> **Problem statement**:
From the entries below, return every line that includes the word "Building".

......

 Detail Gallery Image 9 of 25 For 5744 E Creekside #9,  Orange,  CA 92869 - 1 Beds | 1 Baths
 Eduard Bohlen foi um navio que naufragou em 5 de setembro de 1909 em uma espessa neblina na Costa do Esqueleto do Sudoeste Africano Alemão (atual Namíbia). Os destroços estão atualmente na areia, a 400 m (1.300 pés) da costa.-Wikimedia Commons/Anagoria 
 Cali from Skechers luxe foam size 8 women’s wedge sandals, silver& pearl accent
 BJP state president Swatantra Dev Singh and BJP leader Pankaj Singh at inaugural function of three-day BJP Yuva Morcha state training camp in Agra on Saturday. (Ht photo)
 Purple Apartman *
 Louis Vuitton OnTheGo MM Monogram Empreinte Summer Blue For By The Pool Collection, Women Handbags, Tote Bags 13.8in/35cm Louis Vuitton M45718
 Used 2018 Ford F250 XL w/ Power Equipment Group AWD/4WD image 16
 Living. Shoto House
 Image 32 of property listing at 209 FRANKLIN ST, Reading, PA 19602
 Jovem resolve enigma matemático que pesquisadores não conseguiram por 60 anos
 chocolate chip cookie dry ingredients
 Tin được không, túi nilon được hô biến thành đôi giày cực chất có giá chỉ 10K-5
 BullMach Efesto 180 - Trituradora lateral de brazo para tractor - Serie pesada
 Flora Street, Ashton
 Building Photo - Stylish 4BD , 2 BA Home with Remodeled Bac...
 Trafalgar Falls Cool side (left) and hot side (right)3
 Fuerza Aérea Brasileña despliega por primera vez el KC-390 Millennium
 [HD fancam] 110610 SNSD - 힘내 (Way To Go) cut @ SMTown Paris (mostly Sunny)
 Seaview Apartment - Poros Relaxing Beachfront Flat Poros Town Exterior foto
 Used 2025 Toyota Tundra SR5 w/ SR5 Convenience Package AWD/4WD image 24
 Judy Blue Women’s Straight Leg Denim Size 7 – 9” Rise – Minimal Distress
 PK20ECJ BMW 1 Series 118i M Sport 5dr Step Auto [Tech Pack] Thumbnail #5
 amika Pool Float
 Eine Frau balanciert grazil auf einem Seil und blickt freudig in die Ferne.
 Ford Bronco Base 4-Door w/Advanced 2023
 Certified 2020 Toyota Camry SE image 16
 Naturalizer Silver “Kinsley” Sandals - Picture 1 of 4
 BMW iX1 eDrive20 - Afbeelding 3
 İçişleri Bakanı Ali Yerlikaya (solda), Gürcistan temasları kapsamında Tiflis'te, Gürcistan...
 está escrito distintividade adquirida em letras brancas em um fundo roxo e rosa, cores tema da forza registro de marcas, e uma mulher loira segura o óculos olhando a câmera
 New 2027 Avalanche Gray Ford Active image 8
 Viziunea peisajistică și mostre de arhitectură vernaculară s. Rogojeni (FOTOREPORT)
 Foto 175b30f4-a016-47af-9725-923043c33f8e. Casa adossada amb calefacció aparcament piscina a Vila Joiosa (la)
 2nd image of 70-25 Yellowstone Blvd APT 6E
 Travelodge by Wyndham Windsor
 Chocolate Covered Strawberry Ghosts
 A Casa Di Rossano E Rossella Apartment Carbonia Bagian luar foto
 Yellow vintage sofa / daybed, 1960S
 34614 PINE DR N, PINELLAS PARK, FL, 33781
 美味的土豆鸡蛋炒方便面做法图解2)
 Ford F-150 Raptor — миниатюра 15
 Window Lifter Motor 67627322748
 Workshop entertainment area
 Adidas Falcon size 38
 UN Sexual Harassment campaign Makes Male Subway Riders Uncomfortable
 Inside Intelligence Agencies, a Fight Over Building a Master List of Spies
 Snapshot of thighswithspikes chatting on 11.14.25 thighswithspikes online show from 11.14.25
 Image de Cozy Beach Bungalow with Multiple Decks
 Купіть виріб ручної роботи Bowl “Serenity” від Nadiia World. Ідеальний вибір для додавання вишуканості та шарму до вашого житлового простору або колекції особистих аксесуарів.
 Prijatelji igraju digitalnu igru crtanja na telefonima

......

> **Written reply**:
 Building Photo - Stylish 4BD , 2 BA Home with Remodeled Bac...
 Inside Intelligence Agencies, a Fight Over Building a Master List of Spies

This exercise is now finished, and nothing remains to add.